Cyperus pennatiformis (formerly Mariscus pennatiformis) is a rare species of sedge known by the common name coastal flatsedge. It is endemic to Hawaii, where it grows on the islands of Maui, Kauai, and Laysan. It is a federally listed endangered species of the United States.

This sedge grows 40 centimeters to 1.2 meters tall with leathery leaves as long as the stem or longer. The flower cluster atop the stem is umbrella-shaped and up to 15 centimeters long by 25 wide. It contains up to 18 spikes which are each made up of several yellowish or grayish spikelets. The spikelet contains up to 25 flowers.

Today, this plant grows on Maui, Kauai, and Laysan; it has recently been extirpated from Oahu and the island of Hawaii. The most recent surveys found about 30 individual plants on Maui and four populations on Kauai; these represent the subspecies pennatiformis. On Laysan the plants are of subspecies bryanii, known as Laysan sedge or Bryan's sedge. In 2008, a total of 488 individuals were counted. The Laysan sedge, though rare, appears to be reproducing successfully.

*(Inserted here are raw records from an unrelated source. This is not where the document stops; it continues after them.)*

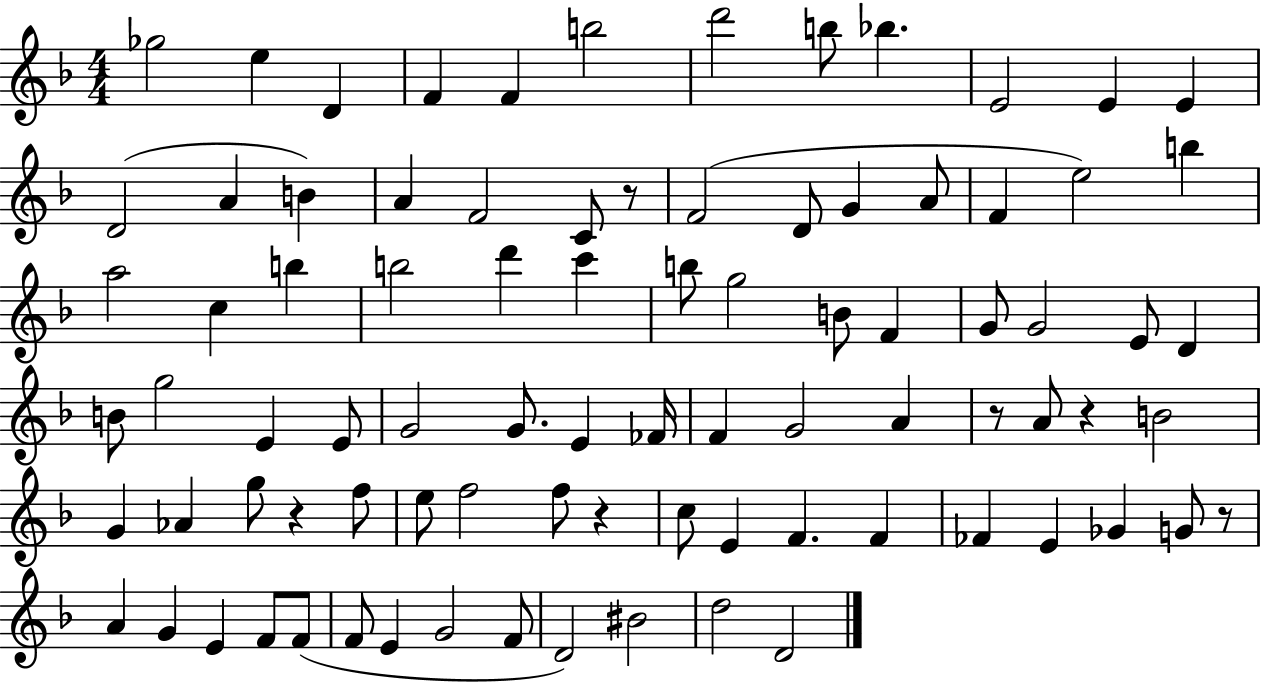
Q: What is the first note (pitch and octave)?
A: Gb5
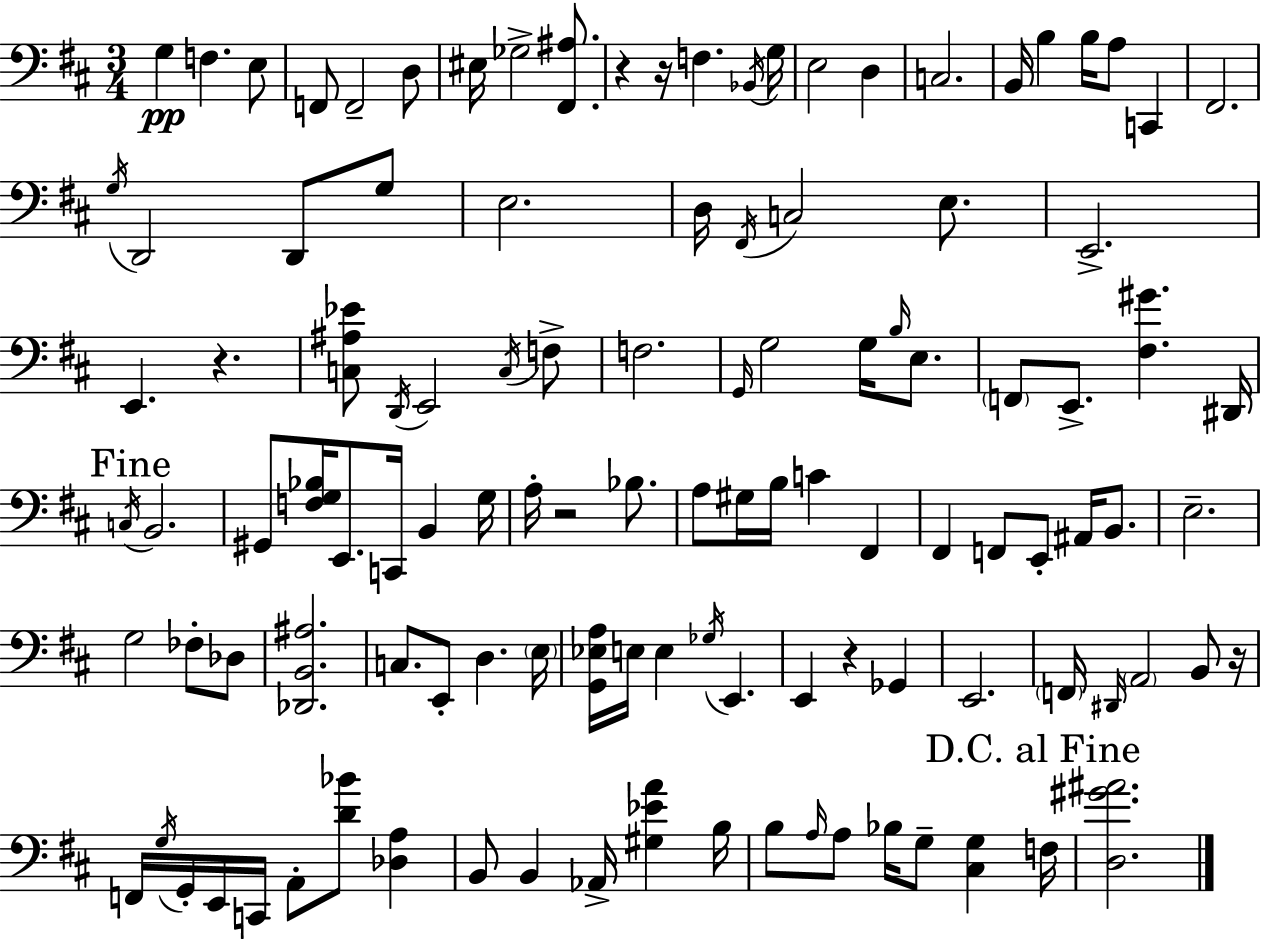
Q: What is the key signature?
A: D major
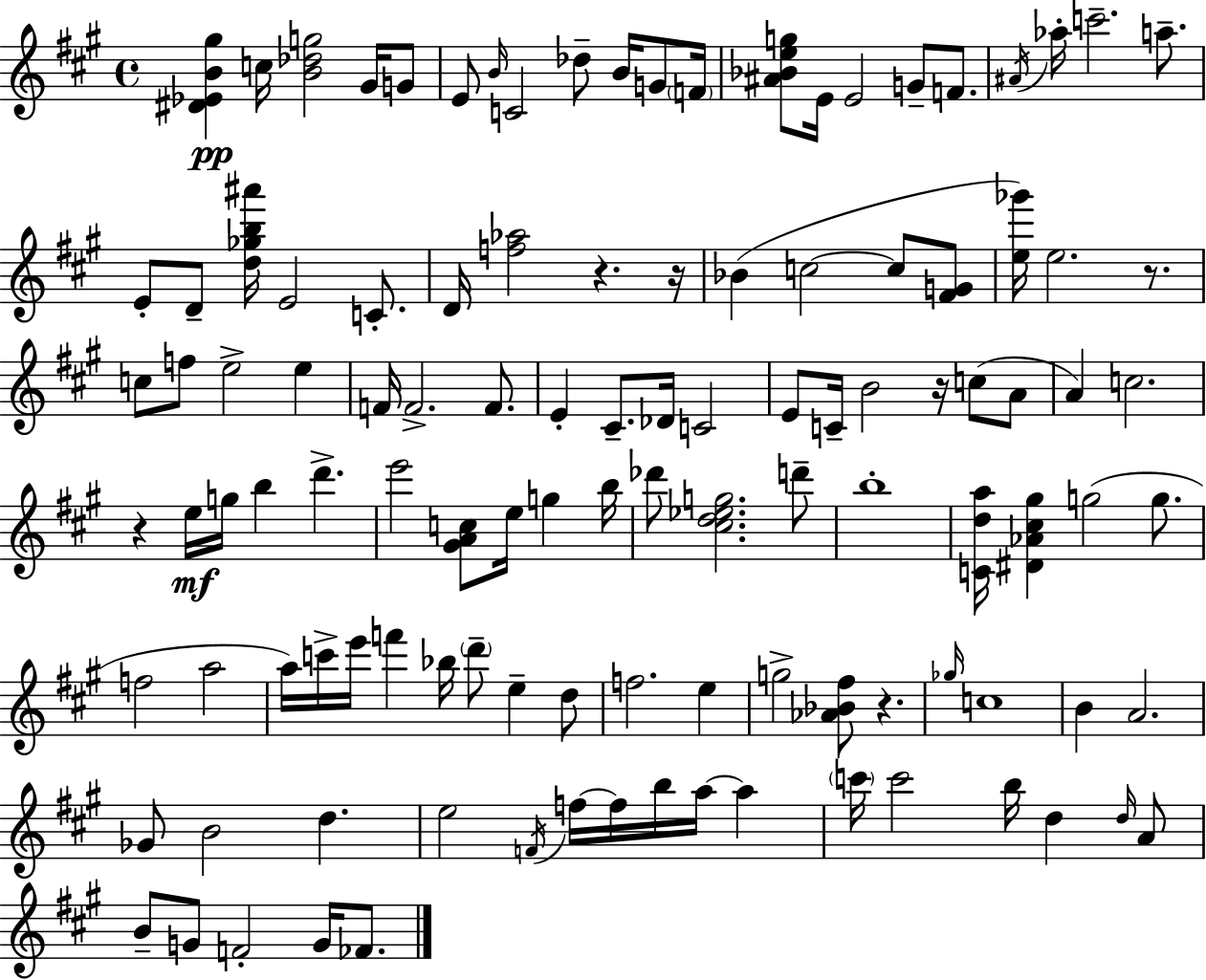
X:1
T:Untitled
M:4/4
L:1/4
K:A
[^D_EB^g] c/4 [B_dg]2 ^G/4 G/2 E/2 B/4 C2 _d/2 B/4 G/2 F/4 [^A_Beg]/2 E/4 E2 G/2 F/2 ^A/4 _a/4 c'2 a/2 E/2 D/2 [d_gb^a']/4 E2 C/2 D/4 [f_a]2 z z/4 _B c2 c/2 [^FG]/2 [e_g']/4 e2 z/2 c/2 f/2 e2 e F/4 F2 F/2 E ^C/2 _D/4 C2 E/2 C/4 B2 z/4 c/2 A/2 A c2 z e/4 g/4 b d' e'2 [^GAc]/2 e/4 g b/4 _d'/2 [^cd_eg]2 d'/2 b4 [Cda]/4 [^D_A^c^g] g2 g/2 f2 a2 a/4 c'/4 e'/4 f' _b/4 d'/2 e d/2 f2 e g2 [_A_B^f]/2 z _g/4 c4 B A2 _G/2 B2 d e2 F/4 f/4 f/4 b/4 a/4 a c'/4 c'2 b/4 d d/4 A/2 B/2 G/2 F2 G/4 _F/2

On Maui, the sedge grows on seaside cliffs where it is washed with ocean spray. The habitat is a type of coastal forest dominated by hala (Pandanus tectorius). On Kauai, it can be found in moist forested canyons. On Laysan, ssp. bryanii grows in wetlands and sand dunes.

This plant is threatened by a number of processes, chiefly habitat destruction and degradation by feral ungulates such as pigs and goats and the presence of non-native plants. The worst invasive plants include shoebutton (Ardisia elliptica), lantana (Lantana camara), yellow foxtail (Setaria parviflora), and Pride of India (Melia azedarach). On Laysan, this sedge and other plants were decimated by introduced rabbits. The seeds are eaten by the Laysan finch (Telespiza cantans).